One question this raises is: why is Jane Street well positioned to work on this problem? The whole world is thinking about what agents mean for the future of programming, and there are endless startups looking for ways of mixing formal methods and agents. Why is this something we’d work on internally? And why should formal methods experts in the outside world be excited to join our efforts here?

For one thing, we have deep control of the language we’re using, and that lets us adjust that language to make it a better home for proof-oriented techniques. There are lots of potential directions to go here: from integrating modular specifications of properties into the type system, to adding type-level constraints around things like ownership and mutability to make certain kinds of proofs easier, to building proof techniques directly into the language.

We also have a community of programmers who are ready for this, or at least more ready than any serious programming community I’ve encountered. For most people who work on programming languages, the easy part is coming up with new and better ideas about how to make programming better. The hard part is convincing anyone to actually use those ideas for real work.

At Jane Street, things are different! We routinely have users angry at us because the new, weird type-system features we promised them aren’t coming fast enough.

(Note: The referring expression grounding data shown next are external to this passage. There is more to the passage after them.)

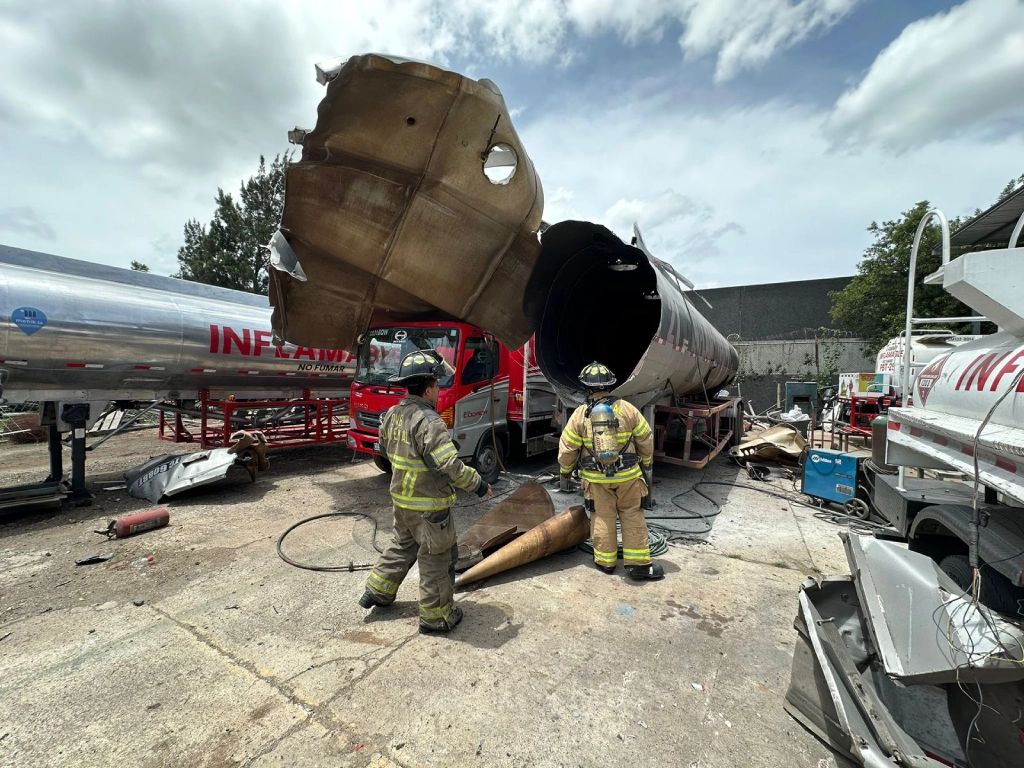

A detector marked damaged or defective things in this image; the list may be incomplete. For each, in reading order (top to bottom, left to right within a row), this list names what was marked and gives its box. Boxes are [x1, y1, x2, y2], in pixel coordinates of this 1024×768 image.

crumpled metal panel [270, 52, 544, 354]
rusted metal sheet [270, 54, 544, 354]
crumpled metal panel [124, 450, 246, 505]
cracked concrete ground [0, 434, 851, 768]
rusted metal sheet [454, 481, 552, 573]
crumpled metal panel [454, 481, 552, 573]
rusted metal sheet [454, 505, 589, 589]
crumpled metal panel [843, 532, 1024, 688]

We have a lot of people with the right background to leverage these techniques, and a lot of baked in interest in getting things right and building high-quality software.

We think that user base will gives us the freedom to try a mixture of approaches; there are some near-term improvements we think we can make which will have pretty immediate impact, and some ambitious, longer-term visions for where we can get in a few years. Having an engaged and excited user base makes both of these approaches possible, and lets us learn from the first, while we build towards the second.

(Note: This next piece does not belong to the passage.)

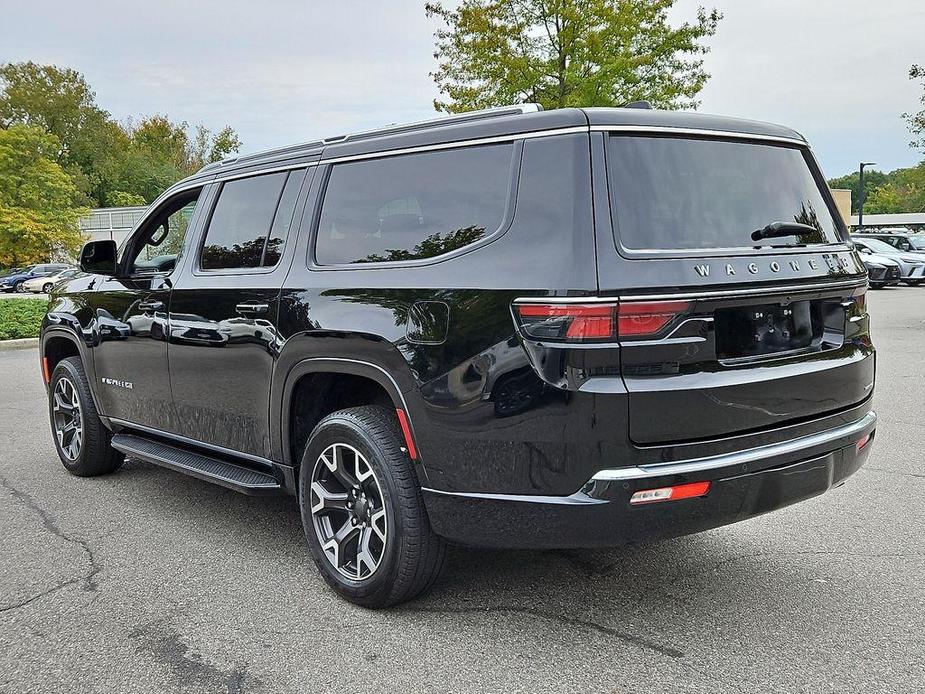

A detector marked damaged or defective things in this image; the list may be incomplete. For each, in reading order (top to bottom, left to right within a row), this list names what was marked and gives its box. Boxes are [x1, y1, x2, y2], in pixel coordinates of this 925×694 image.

pavement crack [0, 474, 101, 616]
pavement crack [402, 608, 680, 660]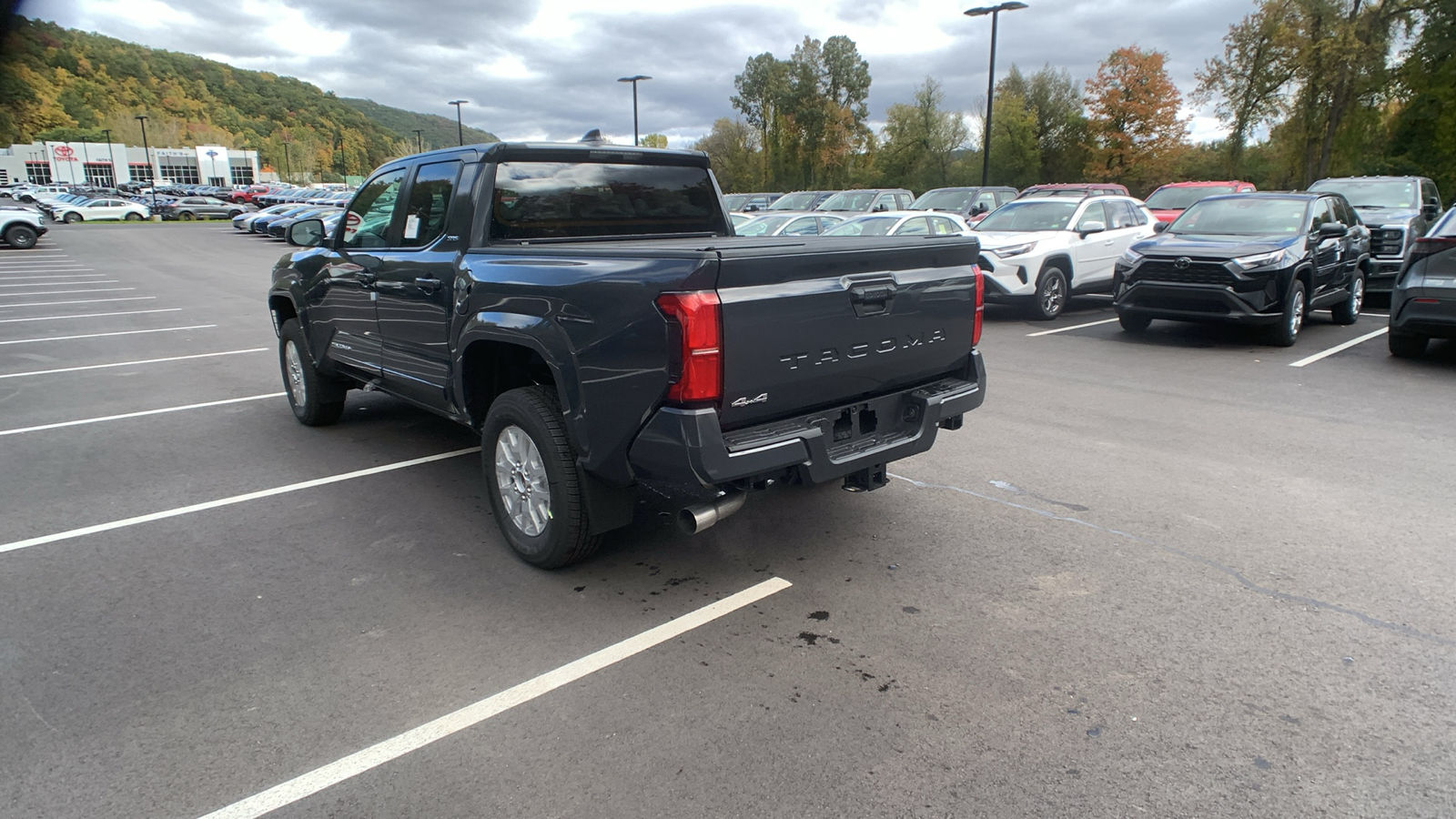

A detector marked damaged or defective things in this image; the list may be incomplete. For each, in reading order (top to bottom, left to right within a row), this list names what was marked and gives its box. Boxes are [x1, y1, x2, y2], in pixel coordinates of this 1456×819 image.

crack in asphalt [885, 469, 1456, 647]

None of this is to say that we’re going to ignore work in the outside world. We’re excited and inspired by the work in a variety of other PL communities, built around tools like Lean, Dafny, Rocq, Agda, Iris, and too many more to mention. And we’re excited to look for ways of integrating OxCaml with some of these tools, to take advantage of the great infrastructure that’s already out there. But we also think there are some unique advantages that can only be realized by engaging with the language and the proof techniques at the same time.

Join us!

If this sounds interesting to you, consider applying! We’re looking for people in both London and New York. We’re in the early stages of interviewing people for these spots and building a team, and there’s an enormous amount of work ahead of us, and we’d love you to be a part of it.

Footnotes

  1. Our experience is that models still need help and guidance from humans in order to navigate a complex proof. A human programmer may have ideas about why a system works and how, at a high level, to go about proving it. But most programmers don’t know how to encode these proof ideas in a way that will satisfy a given proof system. Models can automate much of the drudgery and provide a ready source of expertise on the technical details of writing out a proof. 

  2. OK, well, maybe not all. There are escape hatches, like Obj.magic, that let you work around type-level constraints. But you can track and ban exceptions like that for most of your code, at which point you do get something very close to universal guarantees. And, indeed, formal methods can allow you to make it explicit why your use of those escape hatches is actually safe.